Synthetic Aperture Radar image of the the Port of Shanghai

Supply chain is an interesting term. What is it? It is the chain of events, vendors, logistics, purchases, parts, people, and products that lets a business exist and serve a customer. It’s every action that takes place from production to delivery, all the way to customer satisfaction. Even returns go back through the supply chain.

When we think about making and moving things like this, we come to understand that a supply chain is the physical body that defines a company. You cannot separate a company from its supply chain. The chain is often the single greatest contributor to its success or failure. This was a major theme at the Gartner Supply Chain Executive Conference held in Phoenix last month.

So who oversees these supply chains? A lesser known member of the executive team who often controls a majority of the spending and internal decisions — the Chief Supply Chain Officer (CSCO). These leaders are increasingly being selected as the the successor to the CEO. Tim Cook is the notable example here: he took over as CEO after modernizing the company’s supply chain.

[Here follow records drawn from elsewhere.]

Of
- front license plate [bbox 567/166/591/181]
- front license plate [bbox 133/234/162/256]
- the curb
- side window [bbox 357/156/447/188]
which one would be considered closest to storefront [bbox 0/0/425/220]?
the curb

Supply Chained to the Past

In an incredible number of cases, within the Fortune 500, supply chains are stuck in the past. Huge, successful companies dealing with physical goods have grown over many years without viewing the supply chain as a holistic system. As they grew more and more complex, their supply chains became spaghetti systems: difficult to modify, slow to change, and unable to communicate with other parts of the system.

Supply chains are often highly reactive. They’re managed using internal and historical data: factory inputs and outputs, internally derived product deadlines and schedules, suppliers who are chosen based on staff relationships, quality control, price, and historic performance. The list goes on. The common denominator is that the answers come from inside the organization.

Imagine a supplier disruption as an example. Today, if a supplier has a major disruption (wildfire, hurricane, worker strike, etc.), they notify you via email or phone. Your organization and its supply chain react to this news (and put out the other fire of missed expectations with customers, investors, etc.) and then log the disruption into a historical database. When the dust settles, you still only have your internal data relative to that supplier. How can you forecast another disruption with only that?

The Digital Advantage

Amazon has shown us that a supply chain can be used as a distinct competitive advantage. This is the the dawn of a new age of “digital” supply chains. At the core of this digitization movement are cloud based-analytics and the Internet of Things (IoT) which focus on monitoring goods, vehicles and other assets in order to predict changes and model different scenarios. The hope is to evolve the supply chain into a forward-looking thinking machine as opposed to a purely reactive one.

Many firms are beginning to incorporate the concept of a “digital twin.” A piece of machinery or an entire factory can have digital twins. The twin includes detailed information on the asset’s identity, location, usage, output, health and financial history. Supply chain managers can use a twin to forecast impacts on production when something fails. The simulations show where to spend resources (i.e. — perhaps you should you buy a backup for this machine).

Working for Descartes Labs, a company which is using remote sensing technologies (like satellites) and machine intelligence to build a living atlas of the planet, one thing struck me during the conference: companies still tend to look inward when thinking about their supply chains. They monitor their machines, their factories, trucks and ships carrying their goods. They monitor (and even digitize) the objects they have deemed important to their supply chain. But what about the context in which those objects exist?

William James has a great quote about context: “To know an object is to lead to it through a context which the world provides.” Supply chains are increasingly digital but still very internal in nature, and we are quickly gaining the capability to provide complete global context for these supply chains and all their constituent pieces. The time has come to begin merging internal data with the external forces that drive the supply chain.

The Supply Chain of the Future is a Living System

Imagine a world where you have access to all of your digital supply chain data. This is fused with a complete living-picture of the entire planet — the context for where that data lives. “Supply sensing” and its attractive twin, “demand sensing,” are now possible due to advances in localized, remote sensing and machine intelligence.

Why are we guessing what and when to buy? By monitoring the total supply of raw materials on a global scale, the best possible purchasing decision becomes clear.

Take an example in moving a crop — like bananas. Bananas are picked green. Ripening is carefully temperature controlled as they are shipped to consumers all across the world. Any delay in the supply chain can lead to an unsaleable product.

The unique signature of a banana tree lets Descartes Labs see everywhere in the world bananas are grown, even through clouds. This image was captured using Sentinel-1 SAR (synthetic aperture radar) above Costa Rica exposes banana plantations (in yellow).

What if supply chain managers could easily forecast which ports were going to be congested in the near future so alternative modes of transportation or routes could be considered before shipping? Risks associated with choosing an individual supplier’s factory due to location, historic weather patterns, or even factory on/off signals from space-borne sensors could be evaluated. The full story about a supply disruption could be known, well before a panicked phone call from a vendor.

Having an understanding today of who your customers are and where they live is no longer enough. Forecasting where they will be in the future to ensure product or services are delivered at the right place and time will become a competitive decision advantage. Satellite data can forecast the growth of cities on a microscale. With this view, producers can estimate demand for critical infrastructure like roads, houses, and buildings — to be constructed in near-real time.

The commercial enterprise supply chain of the future will be aware of itself and its surroundings. It will get smarter over time by continuously adding new data, learning, and delivering new insights. The benefits of a living supply chain are profound.

So many companies today are trying to simplify and streamline — to reduce complexity anywhere they can. Their supply chains have to ride the wave of digital advances. Winners and losers will be defined not by those that make the best use of their data, but those that make use of all data. Those who understand the context of their decisions will lead.